Demanding high school sports provide an avenue for student athletes to make the mistake of putting themselves in risk of injury. Due to this, students should take extra care to properly rest.
“Rest days are required for both mental and physical recovery,” Hatakeyama said. “It is recommended for almost all athletes to have one day of complete rest [each week].”
Along with proper amounts of rest, there are other things that the student athlete can do in order to reduce the risk of injury.
“[Strengthening and stretching] your legs, back and core are important because they are the basis of almost every sport and help reduce fatigue during competition,” Hatakeyama said. “Chest, arms and shoulders may make you throw, push or swing a little faster but they don’t help you support your body like the base of your legs, the bridge of your core and the trunk of your back.”
Each sport comes with a common set of possible injuries; if the athlete strengthens these areas, he or she will be able to be stronger. However, strengthening your entire body is important as well, and one should not focus solely on a specific muscle group.

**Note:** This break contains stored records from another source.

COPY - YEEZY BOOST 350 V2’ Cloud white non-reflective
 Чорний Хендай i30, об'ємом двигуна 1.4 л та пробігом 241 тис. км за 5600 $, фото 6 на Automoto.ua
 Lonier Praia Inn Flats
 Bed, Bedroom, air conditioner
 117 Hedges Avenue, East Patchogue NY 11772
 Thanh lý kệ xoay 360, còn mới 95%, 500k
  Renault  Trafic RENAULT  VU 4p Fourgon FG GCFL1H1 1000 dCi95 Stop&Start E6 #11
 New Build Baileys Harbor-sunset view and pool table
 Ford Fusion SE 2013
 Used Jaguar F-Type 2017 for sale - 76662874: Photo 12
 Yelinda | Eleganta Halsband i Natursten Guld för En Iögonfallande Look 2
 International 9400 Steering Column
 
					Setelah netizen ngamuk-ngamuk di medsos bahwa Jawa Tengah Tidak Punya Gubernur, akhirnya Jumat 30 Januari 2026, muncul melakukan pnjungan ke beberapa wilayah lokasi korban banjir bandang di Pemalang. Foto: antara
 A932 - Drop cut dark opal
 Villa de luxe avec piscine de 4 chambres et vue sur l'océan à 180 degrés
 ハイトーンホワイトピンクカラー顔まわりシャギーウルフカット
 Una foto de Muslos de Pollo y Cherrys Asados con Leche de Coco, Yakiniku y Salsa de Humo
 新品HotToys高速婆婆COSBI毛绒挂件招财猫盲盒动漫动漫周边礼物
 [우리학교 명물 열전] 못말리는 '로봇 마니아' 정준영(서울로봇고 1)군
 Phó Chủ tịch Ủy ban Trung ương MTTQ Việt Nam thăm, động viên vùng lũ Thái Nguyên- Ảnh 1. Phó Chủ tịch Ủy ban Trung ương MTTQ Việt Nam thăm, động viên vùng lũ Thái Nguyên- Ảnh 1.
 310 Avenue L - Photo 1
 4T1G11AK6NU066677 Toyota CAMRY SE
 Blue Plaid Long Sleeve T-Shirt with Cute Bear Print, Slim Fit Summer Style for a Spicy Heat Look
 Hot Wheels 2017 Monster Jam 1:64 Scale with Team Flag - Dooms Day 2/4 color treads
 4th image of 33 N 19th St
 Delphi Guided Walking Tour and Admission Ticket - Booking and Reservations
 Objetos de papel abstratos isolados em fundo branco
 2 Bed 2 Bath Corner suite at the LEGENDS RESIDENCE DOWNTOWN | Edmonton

Doing this will reduce one’s fatigue when it comes to gameplay and therefore one will not only be able to play better but will also reduce the risk of an injury.
Prior to participating in a sport, student athletes should meet with a trainer to create a routine specific to the athlete. The school provides a trainer and P.E. teachers qualified to provide safe and constructive exercises for athletes. Athletes should see the value in the extra effort, not only to be stronger in their sport, but also to minimize injury.